Festivals in Peru
Peruvians know how to live life. We like to joke that there are 366 festivals a year in Peru – one for every day plus a spare! The truth is that joyous and colorful celebrations are one of the most fascinating and enduring parts of Peruvian culture. There are so many festivals in the Sacred Valley – Inti Raymi, Ollanta Raymi, Bajada de Reyes, Dia de los Compadres, etc., that it is difficult to know where even to begin.
See KB dancing as a Majeno HERE
But not that difficult, and we know exactly where to start – Choquekilka. Words can hardly describe this amazing spectacle, so we will primarily use photos instead. Based loosely on Pentecostal traditions and infused with a heavy dose of Incan beliefs, this four day party in Ollantaytambo simply has to be seen and experienced in order to be believed.

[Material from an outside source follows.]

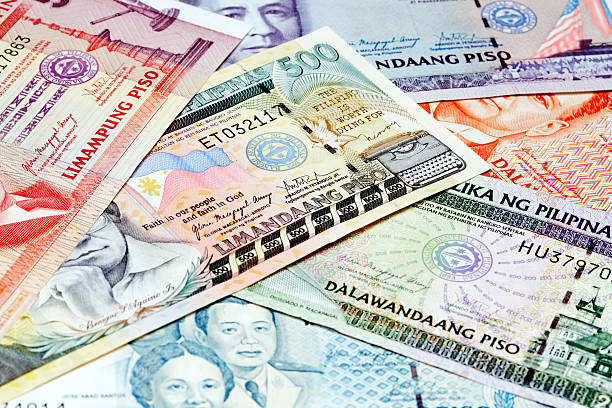 Various Philippine Currency Set of Philippine bank notes philippines currency stock pictures, royalty-free photos & images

See a couple of local kids dancing HERE
The story, dress and culture of each dance is unique and tells a piece of Peru’s history, from the Chilean invaders to the African slaves to the traditional indigenous Quechua themes. Today, the fiesta brings the people of the town together to celebrate their common heritage and cement social ties – much as it has for many centuries
Most of the dances’ stories center around Spanish oppression after the Conquest of the Incas in the mid 1500′s. Forced to capitulate, at least on the surface, to the Christian beliefs and rituals of their conquerors, the Incas found ways to continue to express their own traditions. In the dance known as the Majenos, for example, the dancers represent Spanish hacienda owners of the 16th and 17th century who had nothing better to do all day than drink and sit around – thus the bulbous noses, large bellies, and bottles of beer.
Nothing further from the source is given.